Write a full program that takes any number of positive integers (separated by newlines) from standard input, and for each such input n, outputs all pairs of positive integers a, b (with a ≥ 2 and b ≥ 2) such that ab = n. Use the syntax a^b for these pairs. If multiple pairs of outputs are possible for a given input, print all of them, separated by spaces.
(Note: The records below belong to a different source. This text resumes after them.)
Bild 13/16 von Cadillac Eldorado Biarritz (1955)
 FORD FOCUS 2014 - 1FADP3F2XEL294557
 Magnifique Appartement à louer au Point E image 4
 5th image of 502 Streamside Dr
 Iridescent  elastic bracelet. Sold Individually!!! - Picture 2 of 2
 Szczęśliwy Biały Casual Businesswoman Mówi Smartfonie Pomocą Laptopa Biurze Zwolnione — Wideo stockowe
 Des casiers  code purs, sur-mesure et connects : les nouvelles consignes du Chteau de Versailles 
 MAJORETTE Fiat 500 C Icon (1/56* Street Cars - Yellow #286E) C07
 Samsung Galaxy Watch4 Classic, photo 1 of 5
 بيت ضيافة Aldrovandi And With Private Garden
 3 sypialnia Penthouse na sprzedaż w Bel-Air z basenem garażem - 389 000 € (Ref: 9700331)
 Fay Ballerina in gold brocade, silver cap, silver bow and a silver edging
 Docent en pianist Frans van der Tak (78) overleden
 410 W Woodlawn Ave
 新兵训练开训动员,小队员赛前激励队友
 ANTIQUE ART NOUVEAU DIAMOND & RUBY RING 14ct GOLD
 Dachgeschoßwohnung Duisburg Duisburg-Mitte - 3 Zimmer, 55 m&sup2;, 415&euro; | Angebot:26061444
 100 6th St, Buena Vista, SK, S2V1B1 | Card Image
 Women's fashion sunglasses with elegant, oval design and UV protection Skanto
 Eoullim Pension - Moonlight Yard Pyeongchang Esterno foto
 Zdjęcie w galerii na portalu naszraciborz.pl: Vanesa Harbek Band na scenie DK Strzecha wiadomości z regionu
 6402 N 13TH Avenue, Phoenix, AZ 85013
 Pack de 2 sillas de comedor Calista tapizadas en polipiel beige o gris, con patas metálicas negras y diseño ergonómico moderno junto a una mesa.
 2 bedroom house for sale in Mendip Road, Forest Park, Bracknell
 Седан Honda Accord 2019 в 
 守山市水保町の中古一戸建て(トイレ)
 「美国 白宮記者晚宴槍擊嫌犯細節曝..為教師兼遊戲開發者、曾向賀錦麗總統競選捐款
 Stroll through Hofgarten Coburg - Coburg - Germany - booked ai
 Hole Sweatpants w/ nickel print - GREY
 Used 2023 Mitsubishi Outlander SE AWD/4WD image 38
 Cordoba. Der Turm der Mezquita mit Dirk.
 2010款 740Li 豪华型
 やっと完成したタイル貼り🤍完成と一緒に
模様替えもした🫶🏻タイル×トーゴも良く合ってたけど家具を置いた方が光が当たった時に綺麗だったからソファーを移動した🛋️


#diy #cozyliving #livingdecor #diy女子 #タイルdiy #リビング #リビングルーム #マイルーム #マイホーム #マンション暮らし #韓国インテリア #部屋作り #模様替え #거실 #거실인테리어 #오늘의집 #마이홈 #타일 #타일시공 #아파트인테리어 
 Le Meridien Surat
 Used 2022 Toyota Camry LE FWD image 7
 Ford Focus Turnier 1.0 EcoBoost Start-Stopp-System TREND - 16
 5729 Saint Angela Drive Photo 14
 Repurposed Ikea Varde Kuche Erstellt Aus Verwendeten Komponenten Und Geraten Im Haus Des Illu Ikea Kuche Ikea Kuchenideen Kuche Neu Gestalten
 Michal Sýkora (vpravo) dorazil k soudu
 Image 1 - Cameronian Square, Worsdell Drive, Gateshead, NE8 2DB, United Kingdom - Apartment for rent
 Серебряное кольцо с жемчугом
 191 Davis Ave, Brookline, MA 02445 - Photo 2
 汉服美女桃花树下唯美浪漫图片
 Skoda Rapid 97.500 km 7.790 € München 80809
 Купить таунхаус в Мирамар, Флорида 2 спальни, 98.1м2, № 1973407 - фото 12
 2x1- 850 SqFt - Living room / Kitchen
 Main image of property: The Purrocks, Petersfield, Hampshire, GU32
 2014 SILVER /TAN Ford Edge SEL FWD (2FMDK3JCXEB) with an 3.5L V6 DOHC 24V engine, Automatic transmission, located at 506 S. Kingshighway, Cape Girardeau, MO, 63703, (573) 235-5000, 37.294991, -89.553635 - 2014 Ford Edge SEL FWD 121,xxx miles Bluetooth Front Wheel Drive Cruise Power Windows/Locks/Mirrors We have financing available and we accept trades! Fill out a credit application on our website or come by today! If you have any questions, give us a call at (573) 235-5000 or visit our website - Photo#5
Note the victory condition below: the aim here is to optimize the program for speed, not size.

Example test cases

Input

 1745041
 1760929
 1771561
 1852321
 1868689
 1874161
 1885129
 1907161
 1953125
 113795717542678488615120001
 113795717546049421004105281

Output

 1745041 = 1321^2 
 1760929 = 1327^2 
 1771561 = 11^6 121^3 1331^2 
 1852321 = 1361^2 
 1868689 = 1367^2 
 1874161 = 37^4 1369^2 
 1885129 = 1373^2 
 1907161 = 1381^2 
 1953125 = 5^9 125^3 
 113795717542678488615120001 = 10667507560001^2
 113795717546049421004105281 = 10667507560159^2

Clarifications

  • No more than 10000 inputs will be given on any single run of the program.
  • Your program, as written, should be able to handle numbers up to at least 30 digits long (meaning you will likely need to use bignum support). In order for the victory condition to be meaningful, though, the underlying algorithm behind your submission must be capable of working for arbitrary perfect powers, no matter how large they are.
  • Each input n will actually be a perfect power, i.e. there will always be at least one output corresponding to each given input.
  • There are no restrictions on programming language (as long as the language has sufficient power to complete the task).

Victory condition

The program with the fastest algorithm (i.e. with the fastest complexity) will be the winner. (Note that the fastest known perfect power decomposition algorithms can determine whether a number is a perfect power, and what the base and exponent are, without having to actually factorise the number; you may want to take this into account when choosing the algorithm for your problem.)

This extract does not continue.